- [DATASET CONTENT]
···

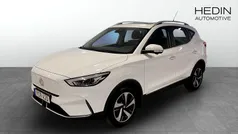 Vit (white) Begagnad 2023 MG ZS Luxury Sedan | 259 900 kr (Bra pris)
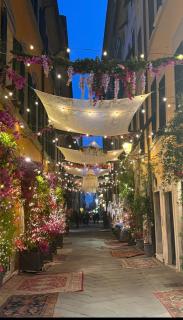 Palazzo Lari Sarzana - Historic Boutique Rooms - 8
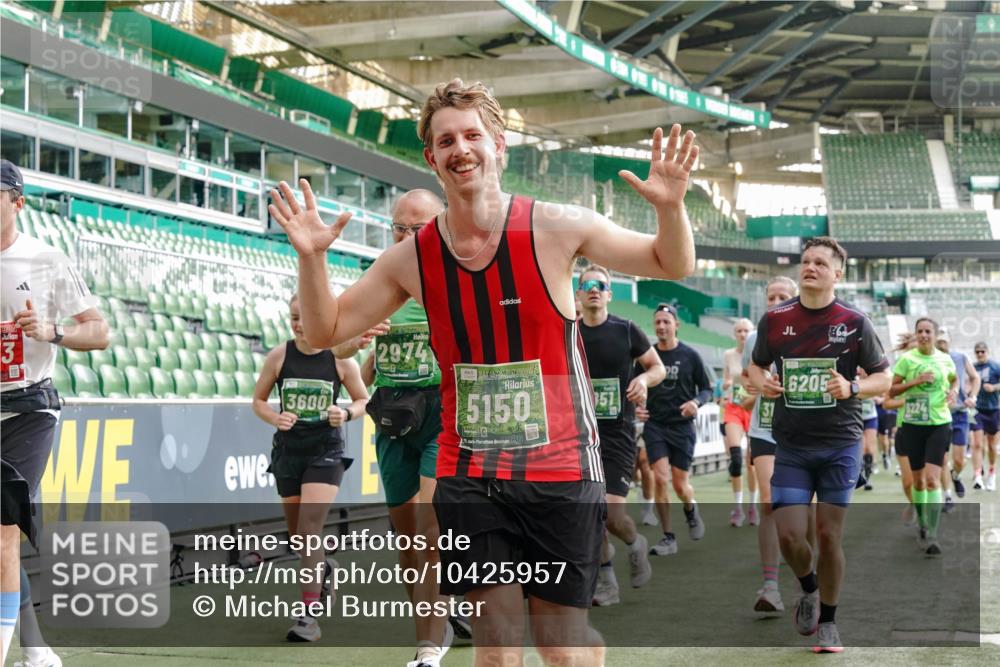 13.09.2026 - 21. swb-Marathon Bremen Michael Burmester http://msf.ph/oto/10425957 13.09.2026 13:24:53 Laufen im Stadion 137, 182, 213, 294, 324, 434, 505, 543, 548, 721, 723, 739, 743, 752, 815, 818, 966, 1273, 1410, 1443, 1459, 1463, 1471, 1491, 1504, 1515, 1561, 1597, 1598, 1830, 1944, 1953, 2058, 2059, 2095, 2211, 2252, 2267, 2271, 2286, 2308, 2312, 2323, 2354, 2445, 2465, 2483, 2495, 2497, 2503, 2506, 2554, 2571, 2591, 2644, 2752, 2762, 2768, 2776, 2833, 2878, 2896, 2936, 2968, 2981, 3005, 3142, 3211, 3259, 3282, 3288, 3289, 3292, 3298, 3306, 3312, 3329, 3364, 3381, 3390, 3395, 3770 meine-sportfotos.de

···

- [WORK ITEM] Skip the pictures. Write out exactly the lines from the one with "Palazzo Lari Sarzana" through the last line of the listing, both ends included, and nothing more.

- [WRITTEN ANSWER]
 Palazzo Lari Sarzana - Historic Boutique Rooms - 8
 13.09.2026 - 21. swb-Marathon Bremen Michael Burmester http://msf.ph/oto/10425957 13.09.2026 13:24:53 Laufen im Stadion 137, 182, 213, 294, 324, 434, 505, 543, 548, 721, 723, 739, 743, 752, 815, 818, 966, 1273, 1410, 1443, 1459, 1463, 1471, 1491, 1504, 1515, 1561, 1597, 1598, 1830, 1944, 1953, 2058, 2059, 2095, 2211, 2252, 2267, 2271, 2286, 2308, 2312, 2323, 2354, 2445, 2465, 2483, 2495, 2497, 2503, 2506, 2554, 2571, 2591, 2644, 2752, 2762, 2768, 2776, 2833, 2878, 2896, 2936, 2968, 2981, 3005, 3142, 3211, 3259, 3282, 3288, 3289, 3292, 3298, 3306, 3312, 3329, 3364, 3381, 3390, 3395, 3770 meine-sportfotos.de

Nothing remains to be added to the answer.